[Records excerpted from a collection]
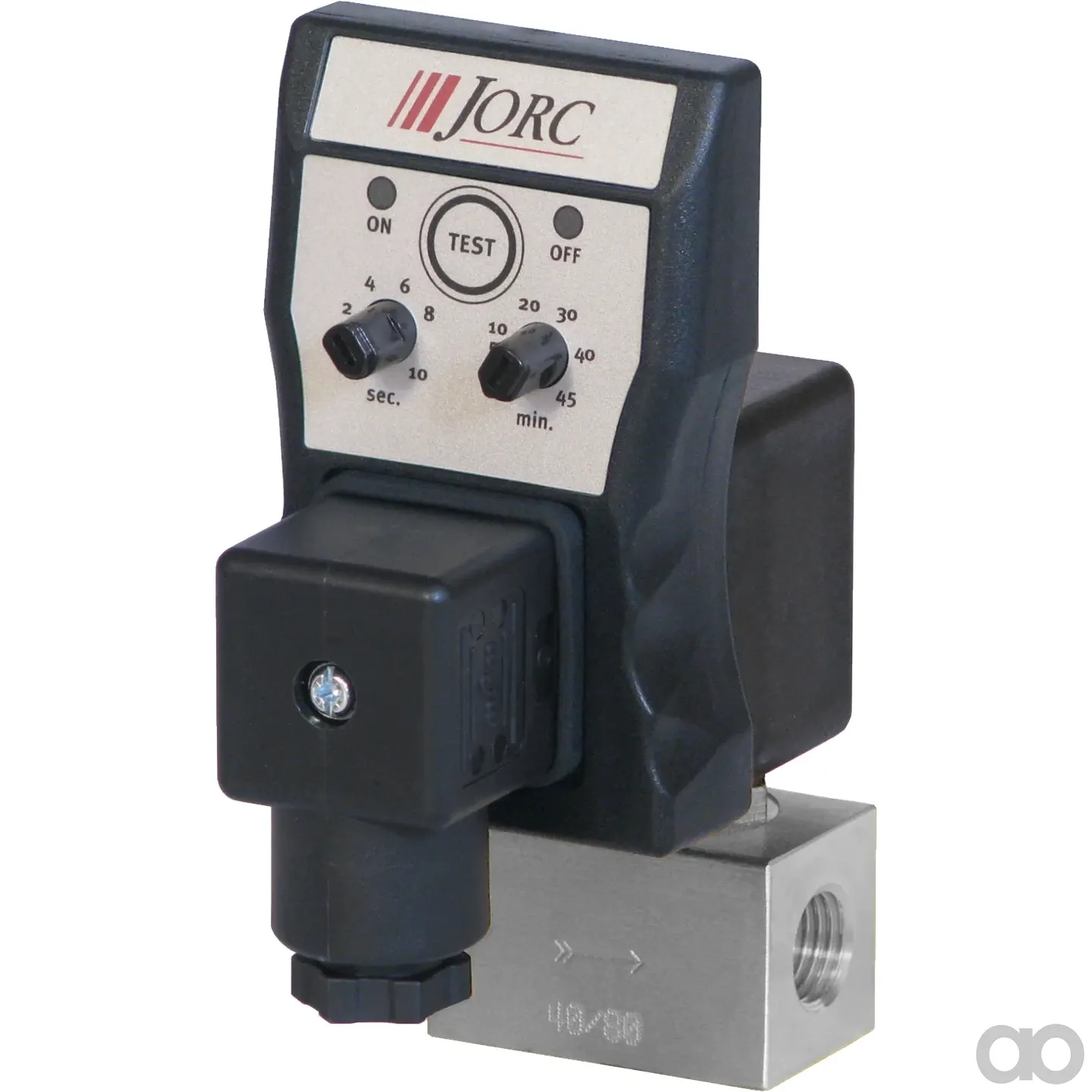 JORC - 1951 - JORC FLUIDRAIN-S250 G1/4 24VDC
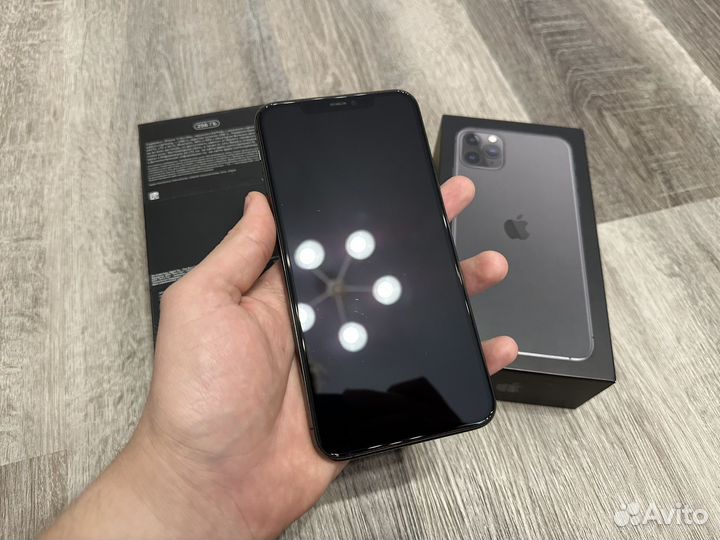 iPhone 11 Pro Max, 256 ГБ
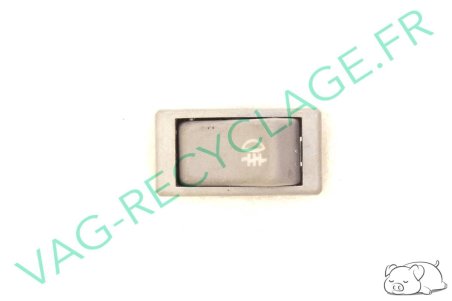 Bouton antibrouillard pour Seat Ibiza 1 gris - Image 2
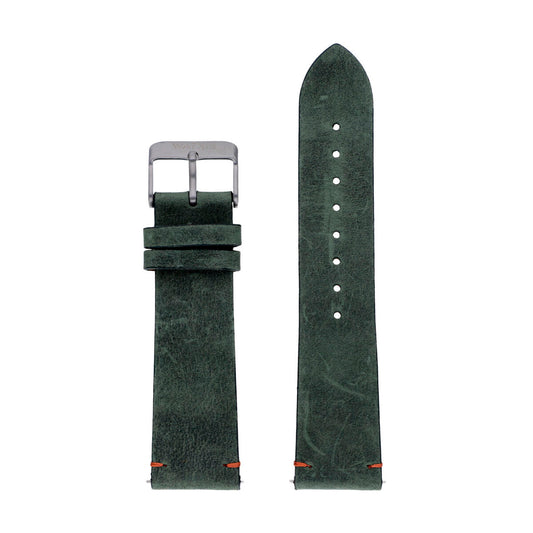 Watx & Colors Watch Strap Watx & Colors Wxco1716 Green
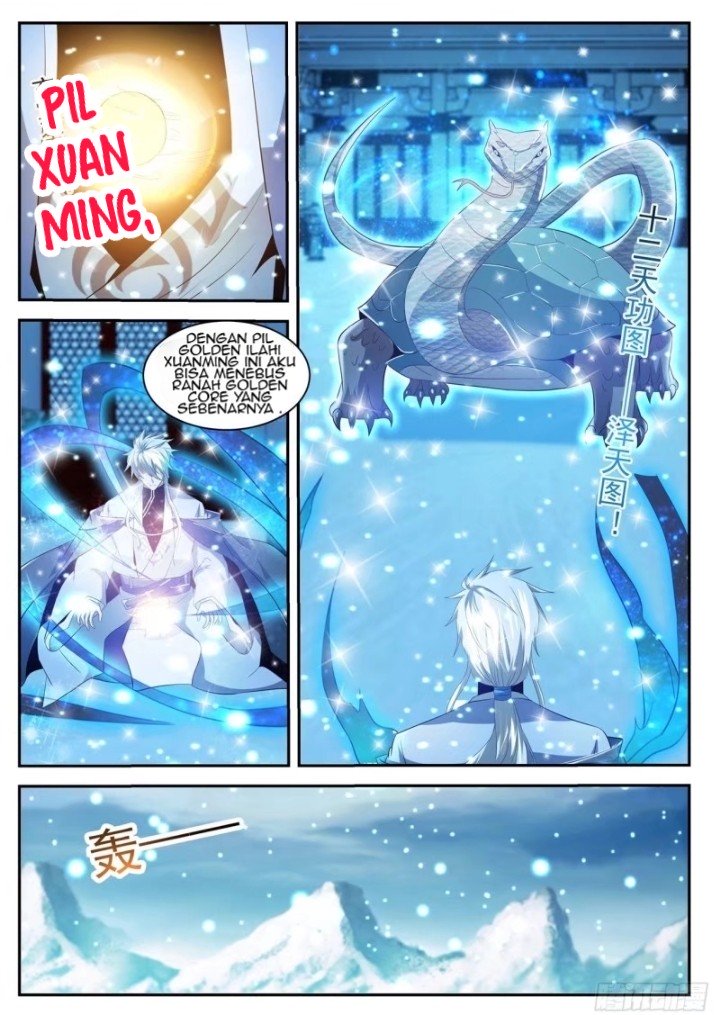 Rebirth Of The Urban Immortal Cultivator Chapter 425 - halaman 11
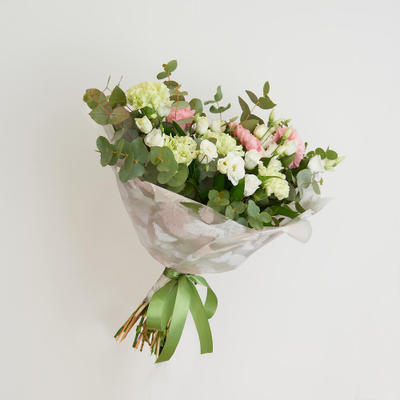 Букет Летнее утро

**TASK DIRECTIONS**
Apart from the images, every line above is to be given again exactly.

**PROBLEM SOLUTION**
 JORC - 1951 - JORC FLUIDRAIN-S250 G1/4 24VDC
 iPhone 11 Pro Max, 256 ГБ
 Bouton antibrouillard pour Seat Ibiza 1 gris - Image 2
 Watx & Colors Watch Strap Watx & Colors Wxco1716 Green
 Rebirth Of The Urban Immortal Cultivator Chapter 425 - halaman 11
 Букет Летнее утро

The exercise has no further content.